DSR(デジタルセールスルーム)とは?基本的な機能・使い方と運用開始手順
本記事では、DSR(デジタルセールスルーム)の概念の説明と基本的な機能について説明をします。その中で機能の使い方であったり、実際運用するとなった際のステップについてもまとめていますので、そもそもDSRについて知りたい方はもちろん、DSRツールの導入を検討している方もぜひご一読ください。
目次
DSR(デジタルセールスルーム)とは
DSRとは「Digital Sales Room(デジタルセールスルーム)」の略称(以降DSR)で、BtoB企業が未商談の顧客や、商談済みの顧客と議事録等の情報や営業資料などの営業コンテンツを共有できるオンライン上の部屋(ルーム)のことです。

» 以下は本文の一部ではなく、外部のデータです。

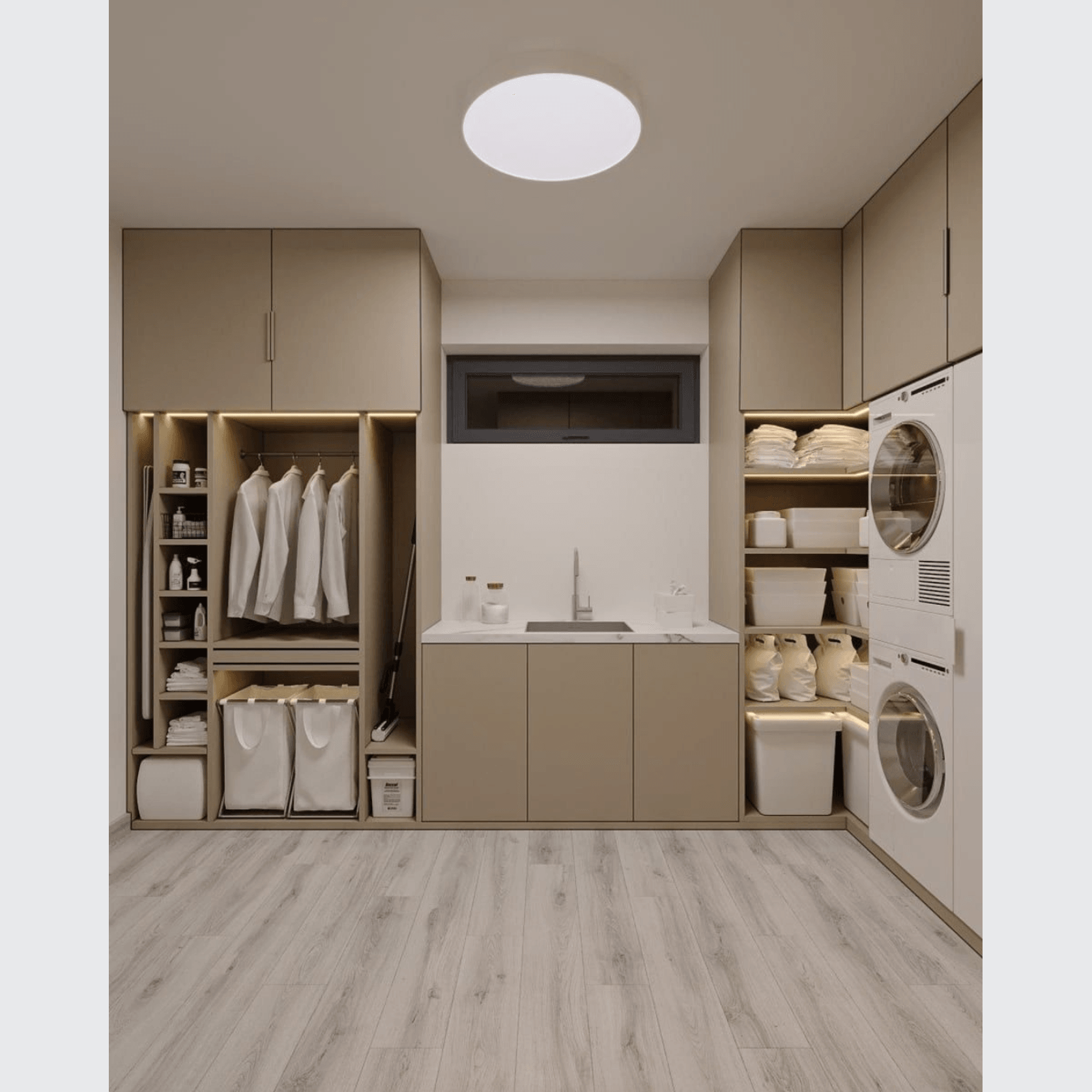 Custom Cabinets gallery detail image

営業としては、顧客に検討してもらうにあたり必要な情報やコンテンツを効率的に共有することができるだけでなく、閲覧ログを測りよく見られているコンテンツを計測できたりと、営業の質を高めることにも役立ちます。
顧客としては、検討に必要な情報が一箇所にまとまっているので、わざわざメールを検索せずとも見ることができたり、メッセージ機能による不明点の解消、依頼の際の契約手続きなどをルーム内で済ませることができます。
また、DSRは、一般的に営業担当者と見込み顧客の初回商談の前に作成され、以降はDSR内でのやり取りが可能になるというスキームです。
主に顧客に公開する情報としては、
- サービス紹介資料
- MTGのアジェンダ
- 問い合わせ内容への回答コンテンツ
- 製品カタログ
- 価格表
- 契約書
など、これまでメールでやり取りをしていたデータや、URLを送りわざわざ見てもらう必要があったコンテンツを集約することが可能になります。
DSRの必要性
マッキンゼーによる調査では、BtoB営業における70~80%の意思決定者は対面での会議による情報提供よりも、デジタルでのやり取りや自分自身で意思決定ができるセルフサービス方式を好んでいるというデータも出ています。

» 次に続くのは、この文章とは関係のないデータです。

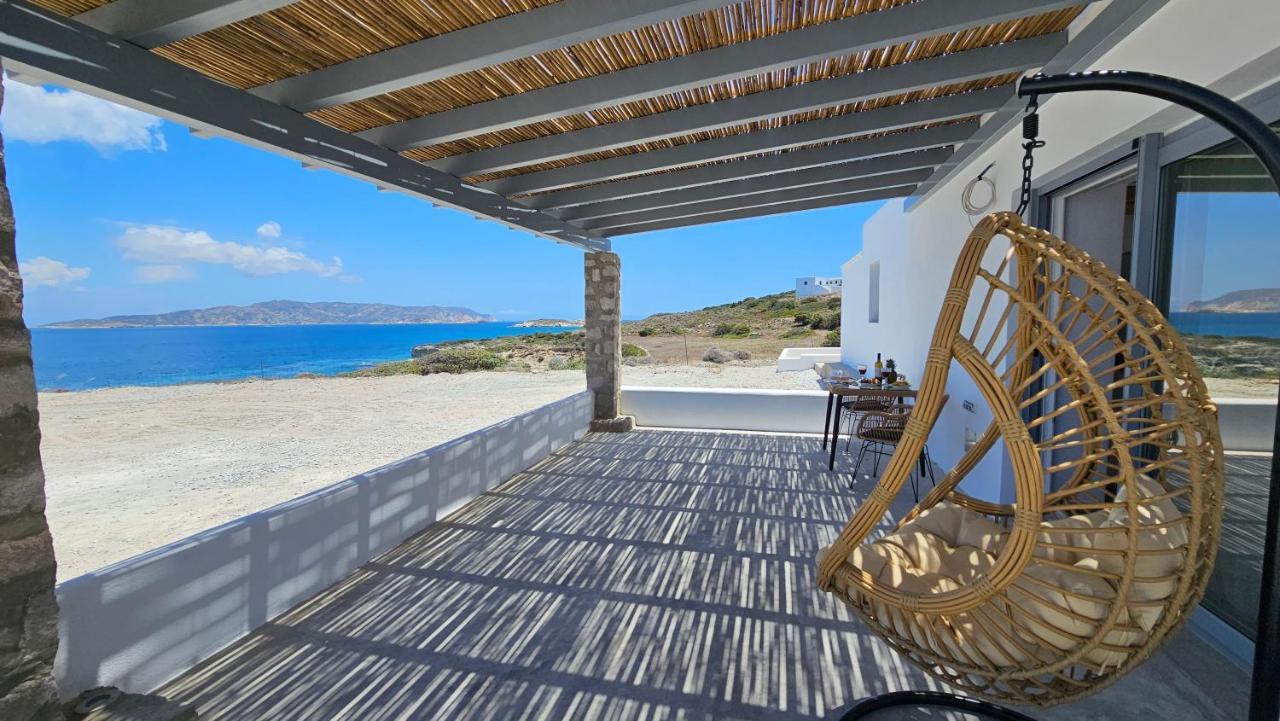 Polychronis Private Suite Pollonia Exterior photo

上記の調査結果からも、顧客の情報収集や意思決定はオンライン上が主になっていく方向性であるのは明らかであり、逆にオンライン上で情報を公開していない、デジタルでやり取りできる選択肢を用意していないと顧客から選ばれないサービスになってしまうかもしれません。
このような背景から、デジタル上で営業担当者と顧客とのやり取りが完結するDSRツールは今後必要性が増していくことが予想されます。
SFAとの違い
SFAとDSRの大きな違いとしては、情報やコンテンツが誰向けのものであるかです。
SFA | DSR | |
---|---|---|
誰向けのツールか | 社内向け (主に営業部長やセールス) | 社外向け (主に顧客) |
導入目的 | 営業状況の可視化や分析 | 顧客の購買行動のサポート |
特徴 | 定量データの計測が得意 (ダッシュボードなどで定量分析を出せる) | 定性データの提供が得意 (顧客の課題や、取り組み方の情報提供など) |
SFAとDSRには上記のような違いがありますが、どちらか一方を導入すれば良いというものではありません。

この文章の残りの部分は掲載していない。